Os besouros rola-bosta enrolam pequenos pedaços de esterco até formar uma bolinha, que depois enterram para que as fêmeas ponham seus ovos – as larvas nascem ali e se alimentam do esterco. Além de desaparecer com o material onde as moscas colocariam seus ovos, o besouro limpa a pastagem e melhora a qualidade e a estrutura do solo ao reciclar nutrientes – com o efeito colateral de reduzir o uso de fertilizantes. Com tanto gado e nenhum besouro adaptado para o trabalho – as espécies nativas co-evoluíram com marsupiais e não conseguem utilizar o excremento do gado para fazer seu serviço – a Austrália teve de importar.
O entomologista George Bornemissza, da Commonwealth Scientific and Industrial Research Organisation (CSIRO), foi responsável por um projeto que, de 1969 a 1984, introduziu mais de 50 espécies de besouros. Para evitar que se tornassem pestes – como tantas outras espécies exóticas na Austrália –, Bornemissza estabeleceu estações de pesquisa na África e em outros lugares para escolher as espécies que melhor se adaptariam às condições australianas. Hoje, os pecuaristas podem comprar besouros para espalhar em suas pastagens e controlar os números de bush flies que pegam carona nos ventos quentes até as cidades, e de buffalo flies, mosca que se alimenta do sangue do gado. Em 1989, o Brasil também importou o besouro rola-bosta.

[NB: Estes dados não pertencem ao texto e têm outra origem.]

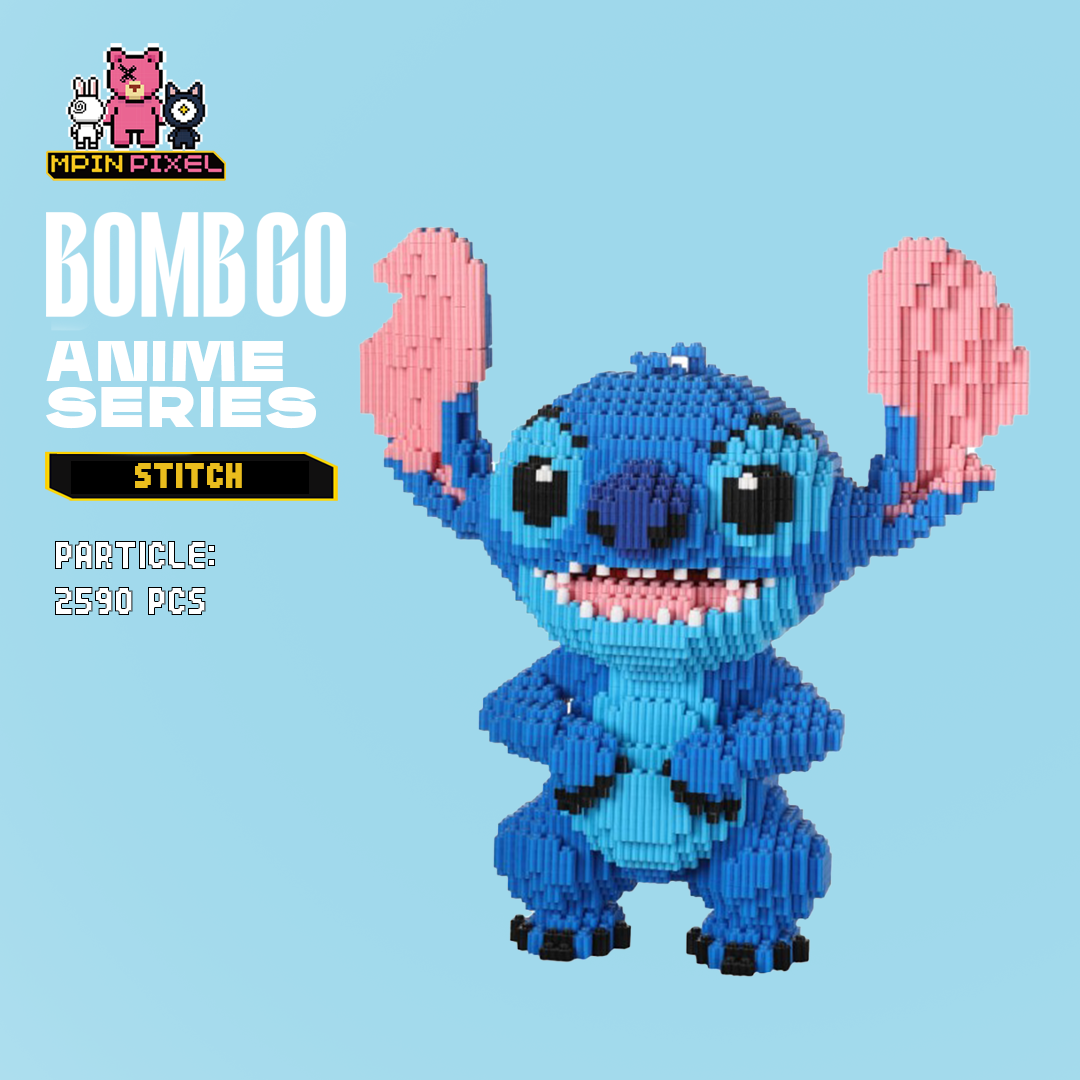 [Anime] Stitch (2590 pcs)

No Egito antigo, o besouro era associado ao deus do Sol, Khepri, a quem se creditava o movimento do sol como uma bola de fogo para cima do horizonte e ao longo do céu até o anoitecer. Hoje o inseto não é mais visto como sagrado, mas pecuaristas, exportadores e processadores de carne australianos, assim como todos nós na cidade que podemos aproveitar nossos convescotes quase sem moscas, deveríamos reverenciá-lo.